O estudo também apresenta vários cenários alternativos para comparar possíveis resultados de saúde se diferentes intervenções de saúde pública pudessem eliminar a exposição a vários grupos de factores de risco chave até 2050.
"Prevemos grandes diferenças na carga global de anos de vida ajustados por incapacidade entre diferentes cenários alternativos para ver qual tem o maior impacto nos nossos dados gerais de esperança de vida e nas previsões do DALY", disse o Dr. Stein Emil Vollset, primeiro autor do estudo que lidera a Unidade Colaboradora do GBD no Instituto Norueguês de Saúde Pública. "Globalmente, os efeitos previstos são mais fortes para o cenário de 'Riscos comportamentais e metabólicos melhorados', com uma redução de 13,3% na carga de doenças (número de DALYs) em 2050 em comparação com o cenário de 'Referência'. (mais provável)".

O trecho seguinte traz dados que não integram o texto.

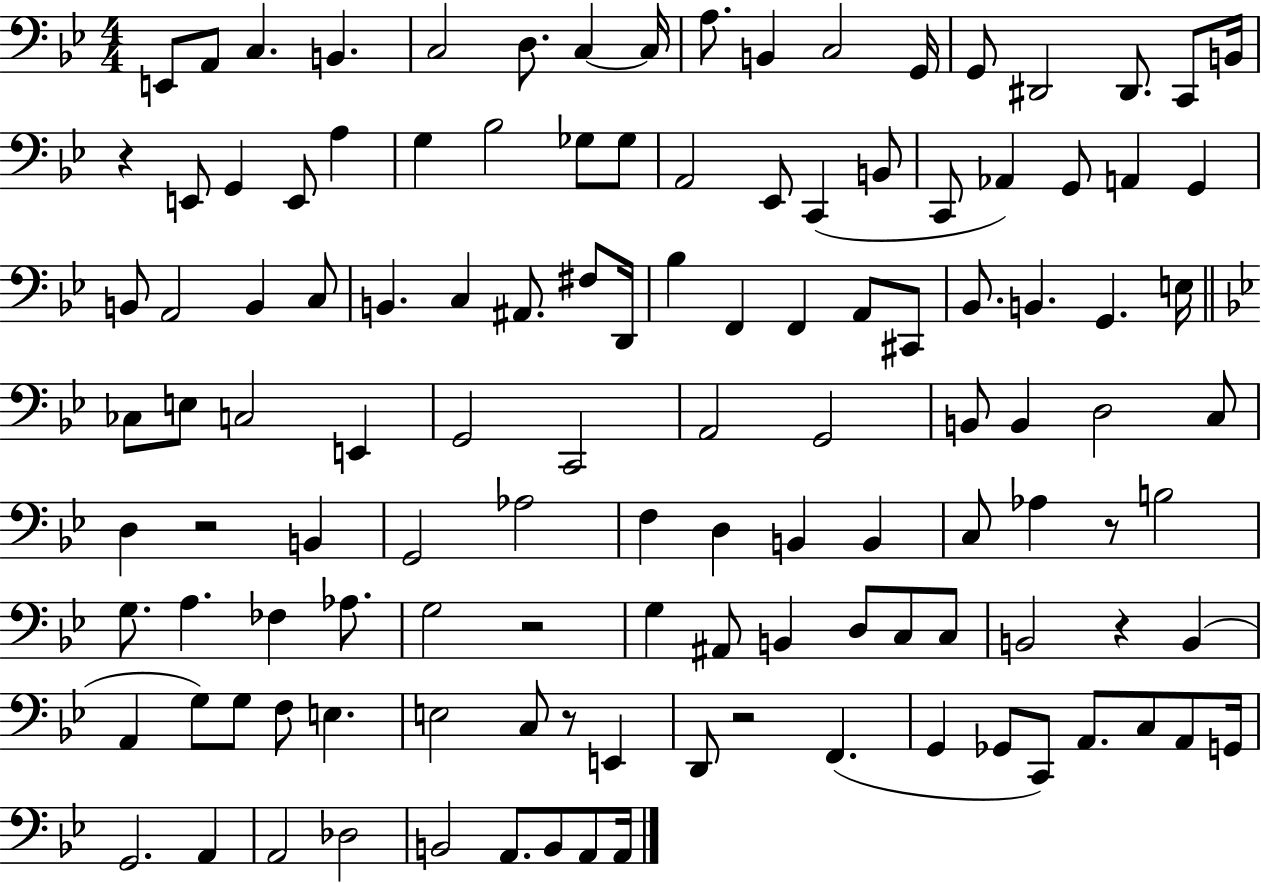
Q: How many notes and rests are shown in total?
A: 121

Os autores também apresentaram mais dois cenários: um focado em ambientes mais seguros e outro em melhor nutrição e vacinação infantil.
"Embora os maiores efeitos sobre a carga global de DALYs tenham sido observados no cenário 'Melhor risco metabólico e comportamental' , também previmos reduções na carga de doenças nos cenários 'Ambiente mais seguro' e 'Melhor nutrição e vacinação infantil' . além do nosso previsão de linha de base", disse Amanda E. Smith, Diretora Adjunta de Previsão do IHME. "Isso demonstra a necessidade de progresso e recursos contínuos nessas áreas e o potencial para acelerar o progresso até 2050."
“Temos uma imensa oportunidade pela frente para influenciar o futuro da saúde global, antecipando-nos a estes crescentes factores de risco metabólicos e dietéticos, particularmente aqueles relacionados com factores comportamentais e de estilo de vida, tais como níveis elevados de açúcar no sangue, índice de massa corporal elevado e níveis sanguíneos elevados. pressão", continuou o Dr. Murray.